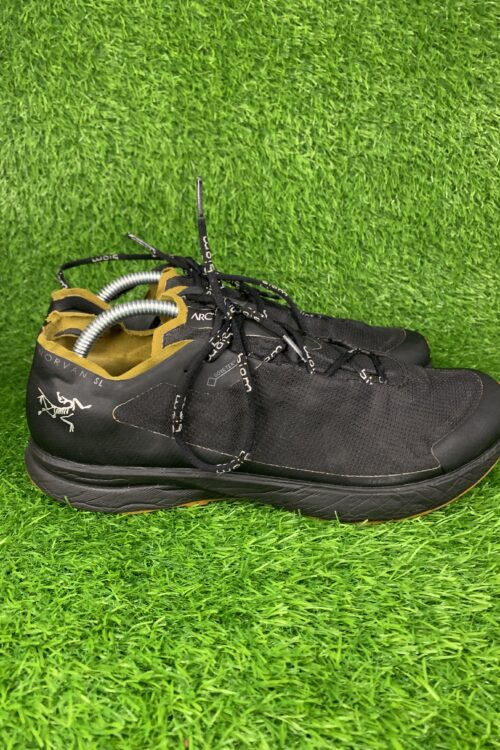Arc'teryx Norvan SL GTX trail running shoes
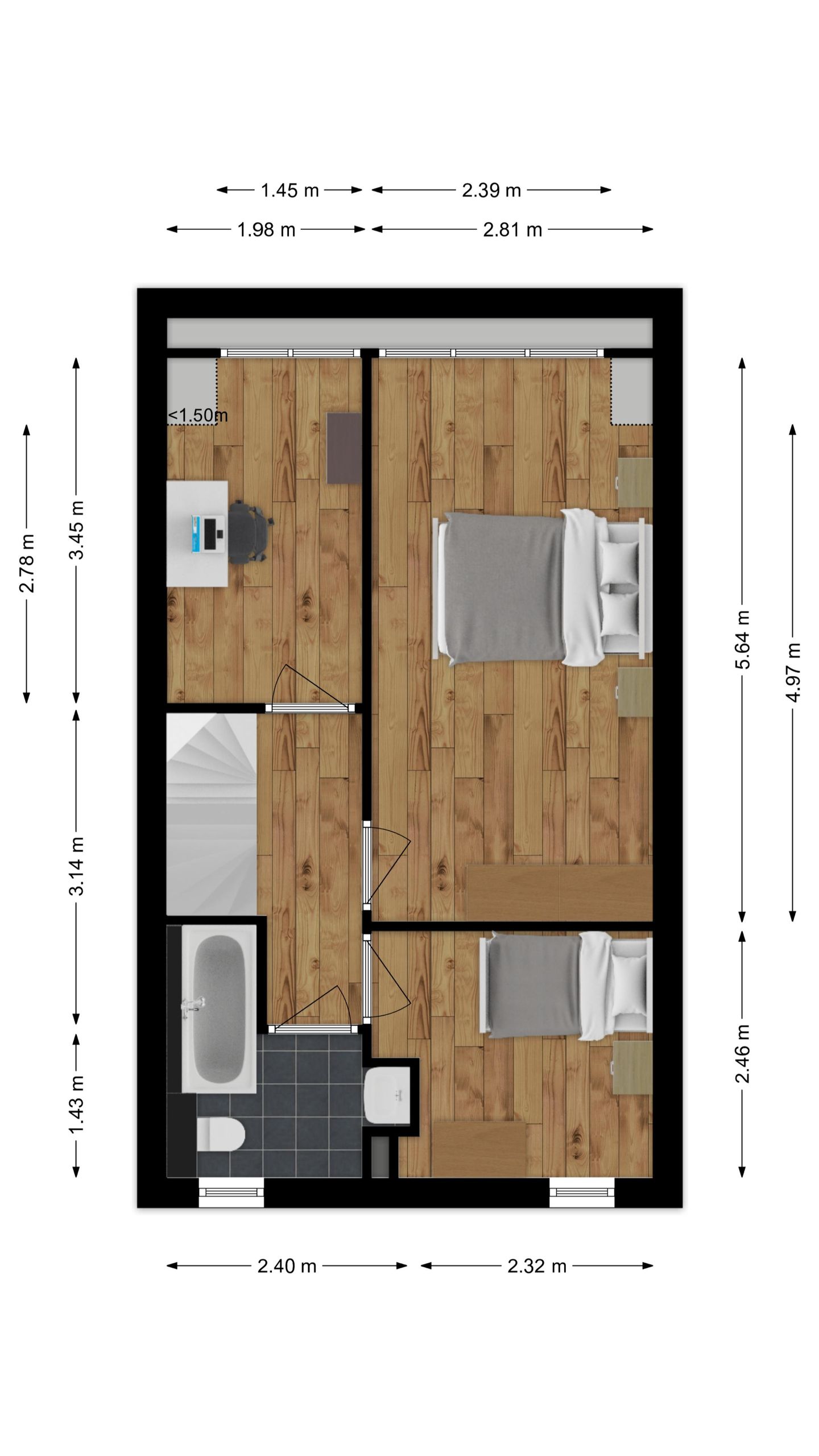 Foto 44 van Dirkslandstraat 21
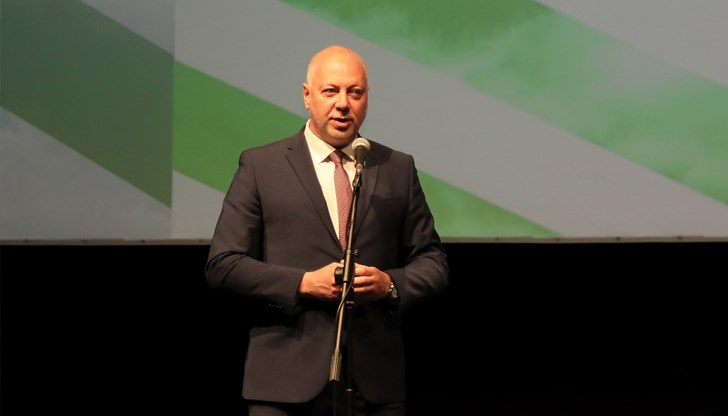 Министерският съвет определи състава на делегацията за форума на 24-25 юни Министерският съвет определи състава на делегацията за форума на 24-25 юни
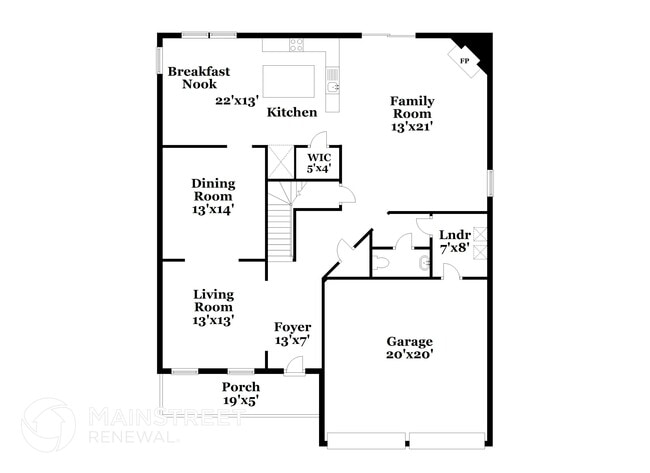 Photo - 3120 Baywood Ct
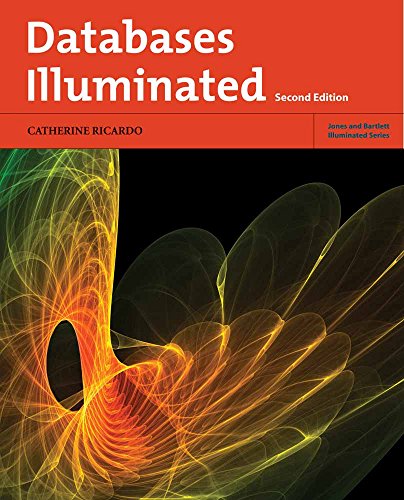 Stock image for Databases Illuminated, Second Edition for sale by Ergodebooks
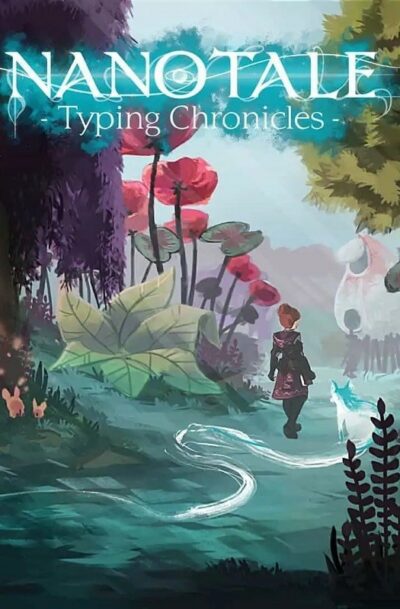 Купить Nanotale - Typing Chronicles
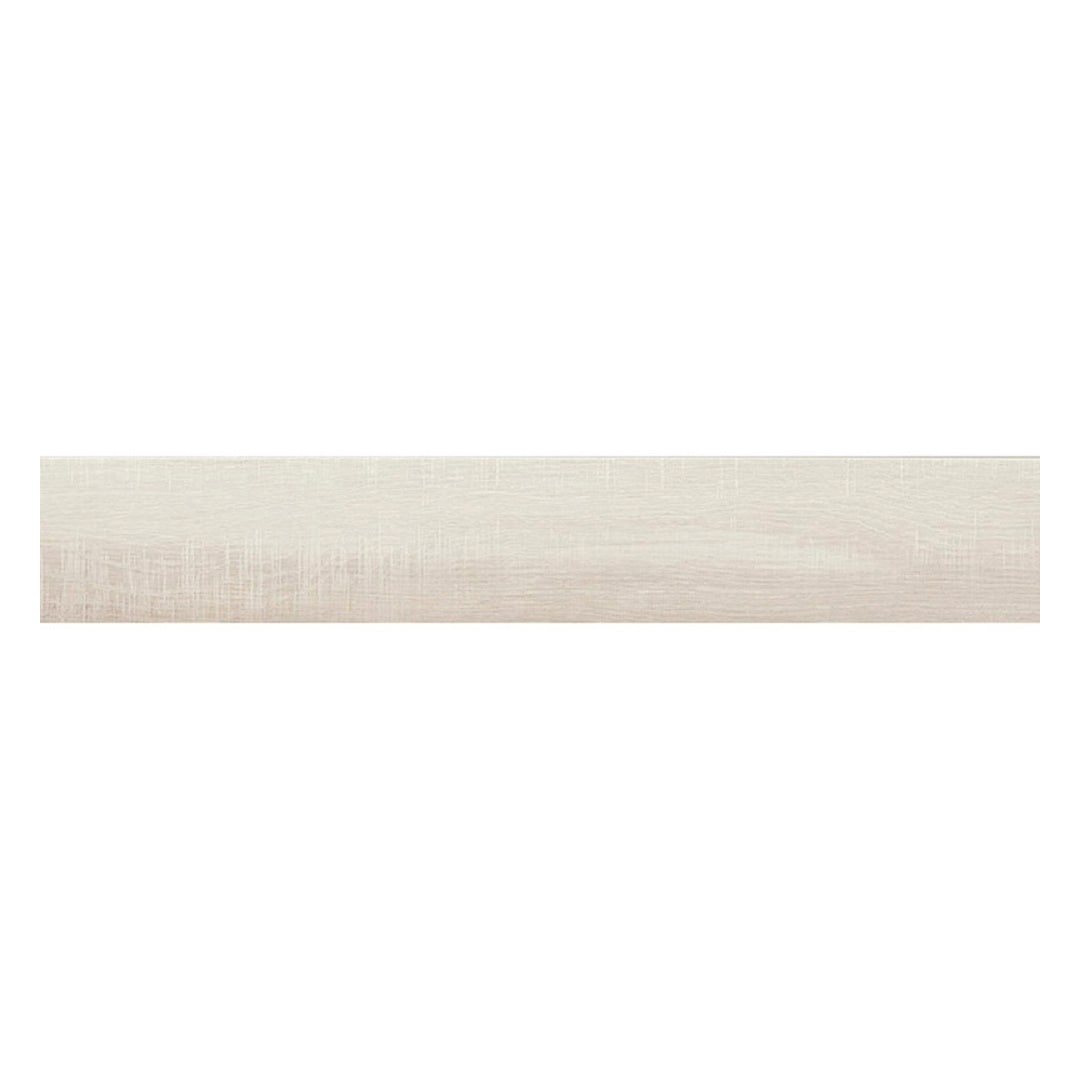 Apollo Tile ROYIBIAI636 Beige 8-in x 48-in Matte Porcelain Marble Look Floor and Wall Tile (13.054-sq. ft/ Carton)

* EXERCISE BRIEF
For this task, give again exactly the lines from the line with "24-25 юни Министерският" through the end of the entries, including both ends, and omit the pictures.

* OUTPUT BELOW
 Министерският съвет определи състава на делегацията за форума на 24-25 юни Министерският съвет определи състава на делегацията за форума на 24-25 юни
 Photo - 3120 Baywood Ct
 Stock image for Databases Illuminated, Second Edition for sale by Ergodebooks
 Купить Nanotale - Typing Chronicles
 Apollo Tile ROYIBIAI636 Beige 8-in x 48-in Matte Porcelain Marble Look Floor and Wall Tile (13.054-sq. ft/ Carton)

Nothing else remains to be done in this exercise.